## THE PROBLEM
From the line containing "Set of 9 B&G" through the last line of the records below, output every line exactly as it appears, but leave out the pictures.

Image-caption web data
━━━━━━━━

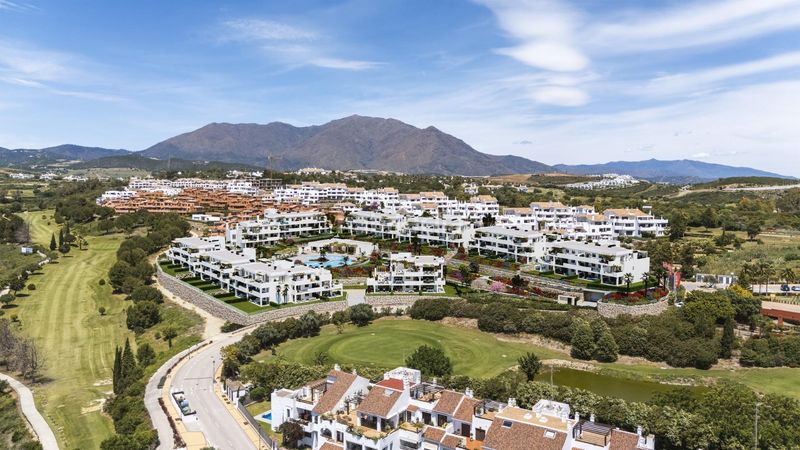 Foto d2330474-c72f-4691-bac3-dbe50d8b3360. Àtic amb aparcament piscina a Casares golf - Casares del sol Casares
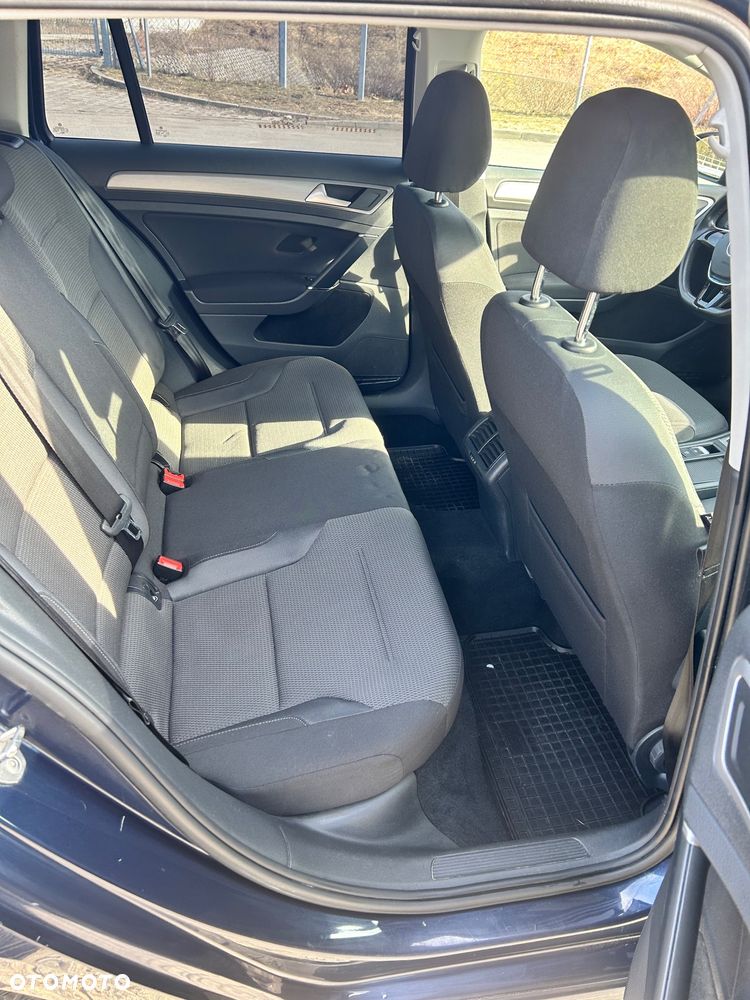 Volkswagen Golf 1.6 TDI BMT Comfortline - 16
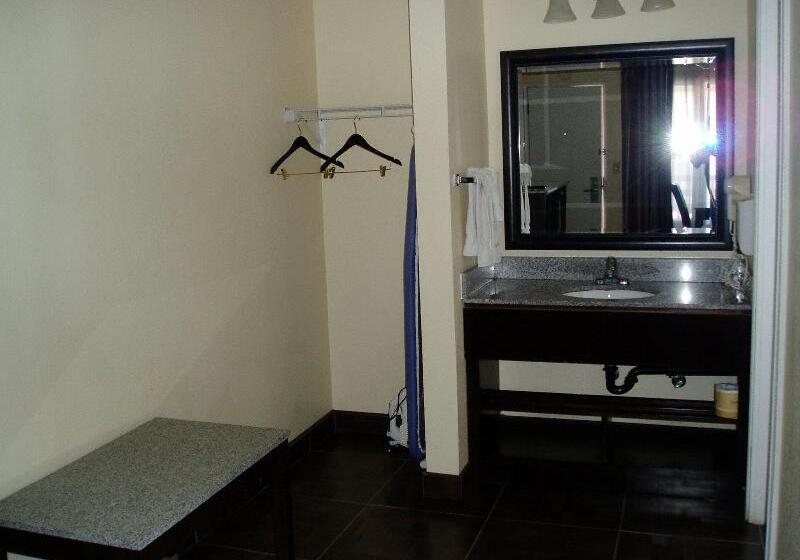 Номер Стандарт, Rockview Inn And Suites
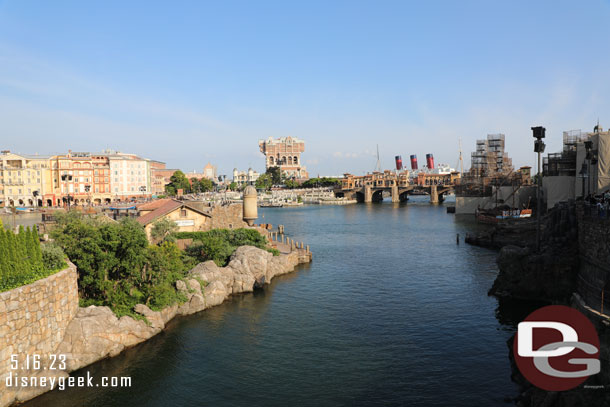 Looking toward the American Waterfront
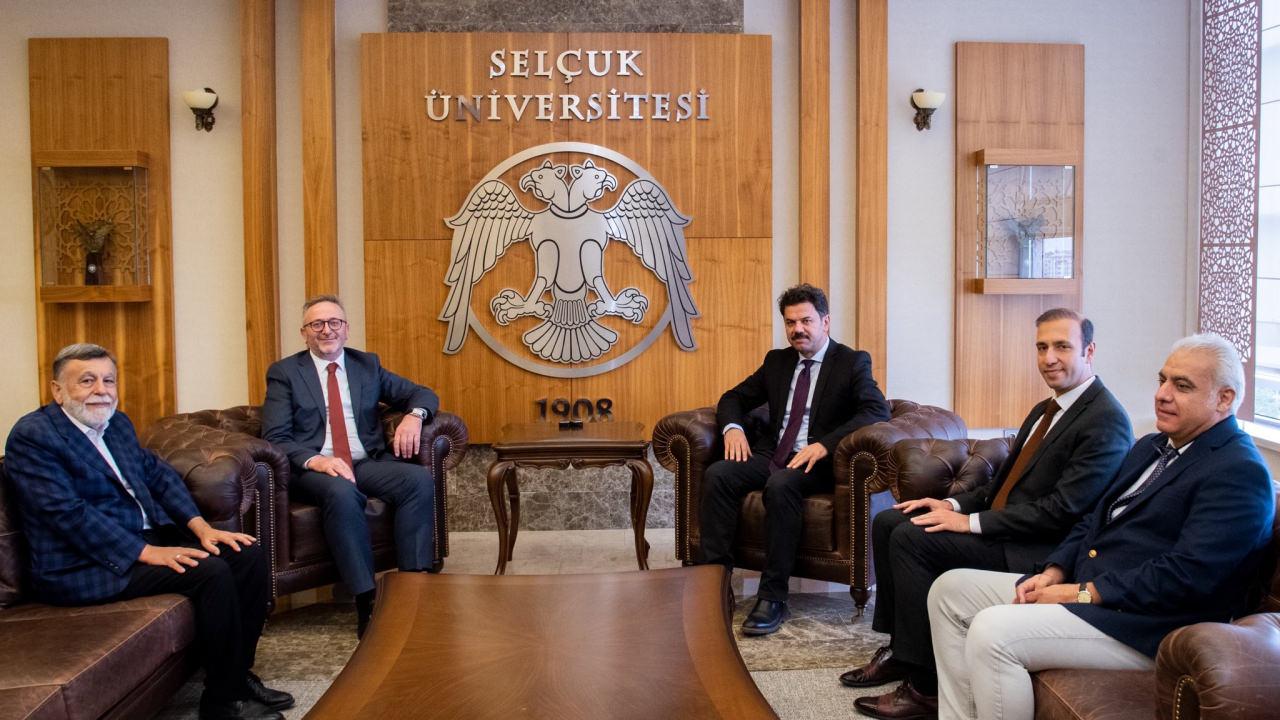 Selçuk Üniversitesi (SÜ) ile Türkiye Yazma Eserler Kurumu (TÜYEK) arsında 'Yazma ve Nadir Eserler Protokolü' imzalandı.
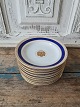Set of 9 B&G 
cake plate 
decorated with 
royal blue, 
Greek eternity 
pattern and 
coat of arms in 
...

━━━━━━━━

## OUTPUT OF THE TASK
Set of 9 B&G 
cake plate 
decorated with 
royal blue, 
Greek eternity 
pattern and 
coat of arms in 
...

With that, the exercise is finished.